If I wasn't rushing to get coffee, I would have just sat down on the pavement as I admire this beautiful scene in front of me. But that's not the case, and my brain keeps screaming for coffee every second, so there's no way and no time to sit in awe at the majestic morning. Coffee is a must, and I will have it now.

It wouldn't hurt to walk slowly, right? Walking slowly as I glance around the scene that's all around me. This is me, trying to find some sort of inspiration and hope, just like a normal person would. Would a normal person develop such caffeine-addiction out of nowhere? If the answer is no, then I wouldn't even try to fit in.

It's been like 5 months since I developed a caffeine-addiction, and between those 5 months, I've been trying to figure out how the hell did I developed such addiction. I didn't even like coffee-let alone taste one before-but ever since that... Mistake had happened, my body suddenly craves the taste of coffee every single day. Perhaps I'm in my mourning phase, but a mourning phase won't last like 5 months, right?

Since it bugs me so much, I pull out my phone and did a quick Google search on the question.

What's the average mourning time?

According to the search result, the grief lasts between 6 months and 4 years. Four years?! I nearly drop my phone at that information. So, there's a tendency of me having a caffeine-addiction for 4 years? Can I even survive that long? Well, since I have my phone on hand, might as well do another Google search.
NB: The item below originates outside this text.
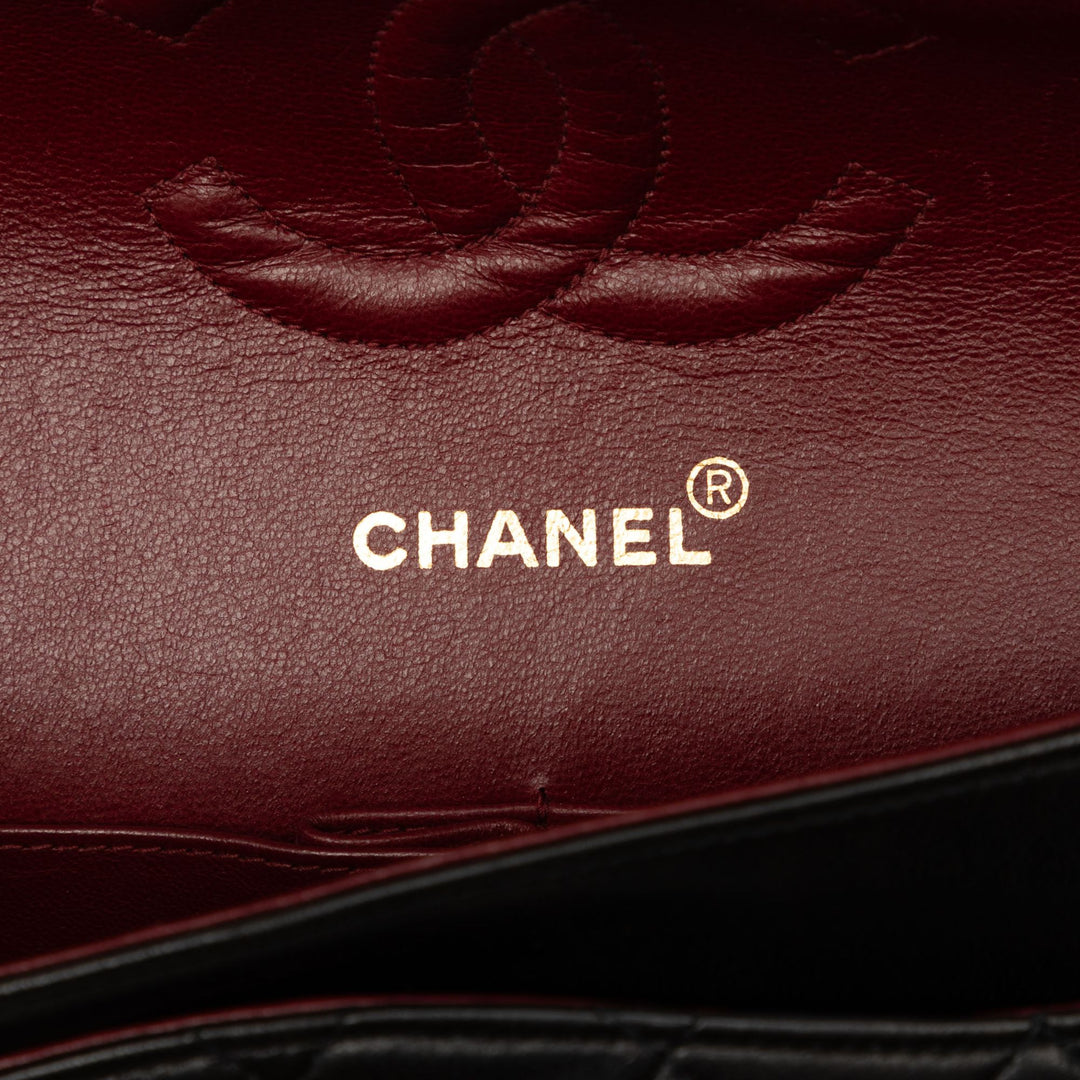 Chanel Sac porté épaule Classic Double rabat Moyen Cuir d'agneau Noir – vue 5 – GABY PARIS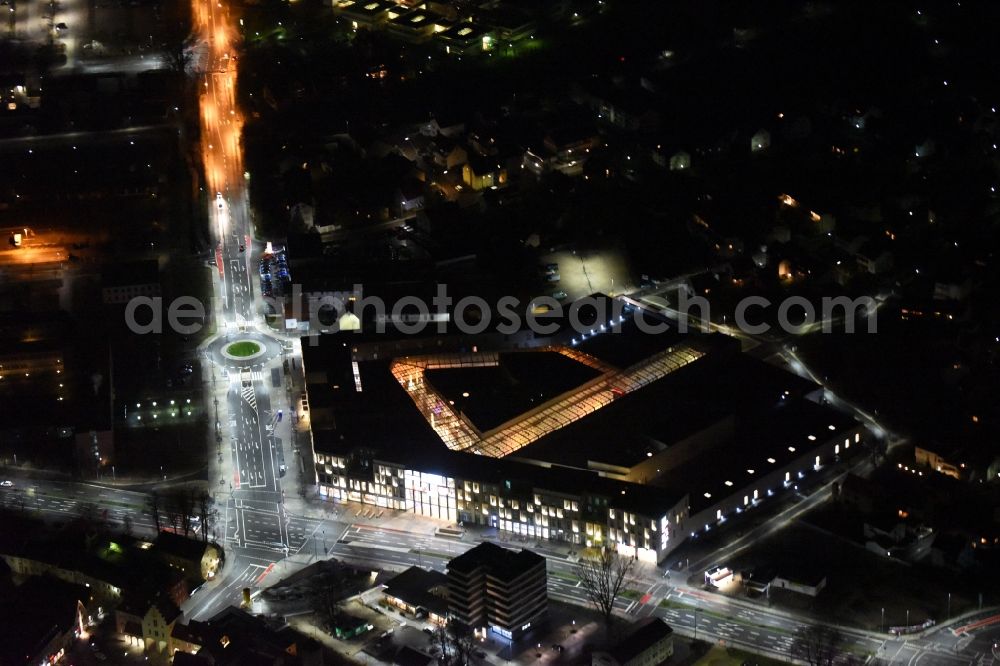 Neumarkt in der Oberpfalz from above - Night view Building of the shopping center Stadtquartier „ NeuerMarkt ” in Neumarkt in der Oberpfalz in the state Bavaria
Do people die from caffeine addiction?

I begin to brace my whole soul before reading the first search result on my phone. According to it, a person might find consuming too much caffeine and experiencing side effects to be easy. Letting out a heavy breath that I've been holding on, staring down at my phone to continue reading. However, oh god, a life-threatening overdose is rare, interesting, and a caffeine overdose as a cause of death is even rarer.

If I'm being honest, I don't know whether to be happy about that result or feel a bit disappointed that I will not die on caffeine overdose. Perhaps I'm part of those rare events. Now that's hope for me. Hope that I'll be dead soon. Is that even a normal thought to even think about-especially in a fine morning like this? I give my phone in hand a quick glance before considering another quick search. It wouldn't hurt to do another quick search. This is practically my career, just searching random stuff on the internet until I've found an inspiration to create a story out of it.